#1
  1. No Profile Picture
    Registered User
    Devshed Newbie (0 - 499 posts)

    Join Date
    Feb 2013
    Posts
    22
    Rep Power
    0

    Help needed in random sampling


    Hi all,

    I have an input file (input.txt) in tab separated format.
    A small part of the input file is as follows:

    Gr1 Gr2 Gr3 Gr4 ..............
    row1 1 1 1 0 ..............
    row2 0 1 0 1 ...............
    row3 1 1 0 1 ..............
    ...................
    .................


    From this input,random sampling of all possible Group combinations needed to be taken, and print in a output file.
    From the above input, the output file should be as follows
    (the three columns are: Number of groups used in analysis, Group names, Number shared between these groups;;;
    Shared number are measured if 1 is present in all the measuring groups).

    output:

    2 Gr1-Gr2 2
    2 Gr1-Gr3 1
    2 Gr1-Gr4 1
    2 Gr2-Gr3 1
    2 Gr2-Gr4 2
    2 Gr3-Gr4 0
    3 Gr1-Gr2-Gr3 1
    3 Gr1-Gr2-Gr4 1
    3 Gr1-Gr3-Gr4 0
    3 Gr2-Gr3-Gr4 0
    4 Gr1-Gr2-Gr3-Gr4 0

    Any idea how to do it??? thanks in advance..
  2. #2
  3. Contributing User
    Devshed Demi-God (4500 - 4999 posts)

    Join Date
    Aug 2011
    Posts
    4,703
    Rep Power
    480
    I cannot tell what constitutes a group in your input.
    From where came the 2 in your output?

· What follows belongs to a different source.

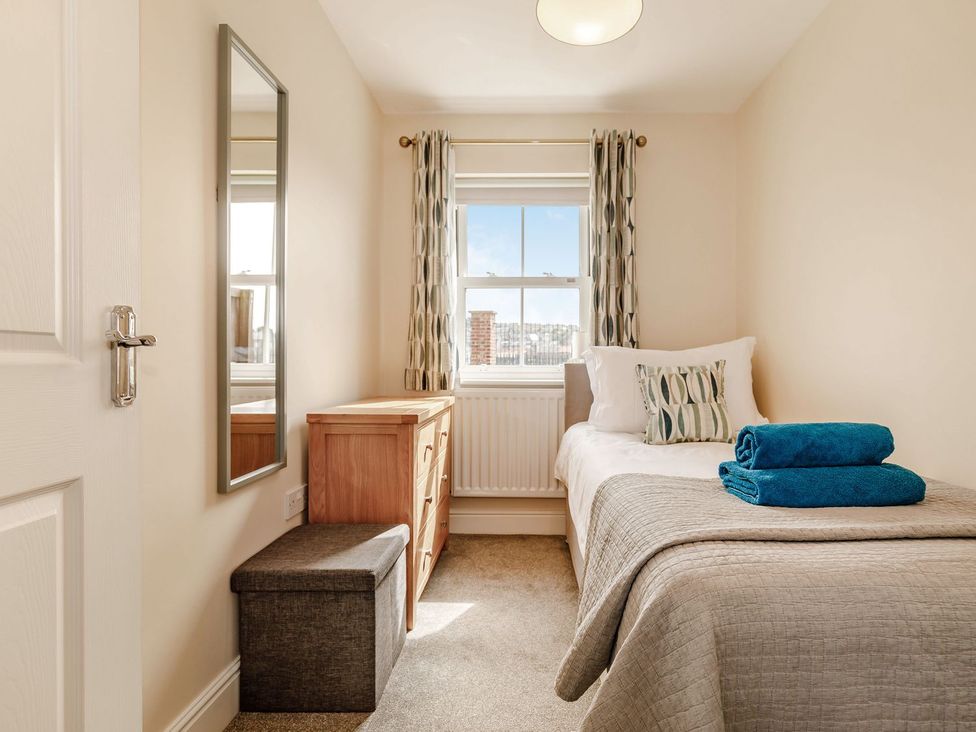 A bedroom with a bed and mirror at Rails End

    A python programmer can transpose rows of columns using zip . And use itertools.combinations to find all combinations of groups of a specific length. You could use repeated calls for random numbers to reduce the dimensionality until you have a single random sample, or you could combine the lists and use a single random selection. Put all this within a loop of number of groups from 2 to n.
    [code]Code tags[/code] are essential for python code and Makefiles!
  4. #3
  5. No Profile Picture
    Registered User
    Devshed Newbie (0 - 499 posts)

    Join Date
    Feb 2013
    Posts
    22
    Rep Power
    0
    left 2 (first line) represents the two groups (Gr1-Gr2) used in the analysis at the first line.. and the 2 in the right is the number shared between two groups (as Gr1-Gr2 is 1 and 1 in row1 and row3)
  6. #4
  7. Contributing User
    Devshed Demi-God (4500 - 4999 posts)

    Join Date
    Aug 2011
    Posts
    4,703
    Rep Power
    480
    I think I now understand. Random sampling is irrelevant (at least for this part of the algorithm). Sorry, this code is dense.
    Code:
    import pprint
    import itertools
    
    data = '''
        name	Gr1	Gr2	Gr3	Gr4
        row1	1	1	1	0
        row2	0	1	0	1
        row3	1	1	0	1
    '''
    ROWS = [r.strip() for r in data.strip().split('\n')]
    print('The data:')
    pprint.pprint(ROWS)                        # Yes, I could delete row 0
    print('\nTransposed') # transposition makes the problem easier for me to visualize, and zip eliminates data irregularities by returning a "rectangular" list of lists.  Now that I've justified zip, you're right, it's irrelevant.
    #dictionaries with keys might be more straightforward.
    GROUPS = list(zip(*(r.split('\t') for r in ROWS)))
    pprint.pprint(GROUPS)
    for n in range(2,len(GROUPS)+1):
        #print('count of items all 1 considering all combinations of {} groups'.format(n))
        for Gs in itertools.combinations(GROUPS,n):
            same = sum(all('1' == G[i] for G in Gs) for i in range(len(Gs[0]))) # Note that I've used string '1'
            print('{} {} {}'.format(n,'-'.join(G[0] for G in Gs),same))
    [code]Code tags[/code] are essential for python code and Makefiles!
  8. #5
  9. No Profile Picture
    Registered User
    Devshed Newbie (0 - 499 posts)

    Join Date
    Feb 2013
    Posts
    22
    Rep Power
    0

    wont work in input file


    Thank u b49P23TIvg for ur response.. ur code works fine for the above table ,, but when I try to use it in my own data file, it wont work.. my input file is (new.txt)and is in

    https://sites.google.com/site/iicbbioinformatics/share..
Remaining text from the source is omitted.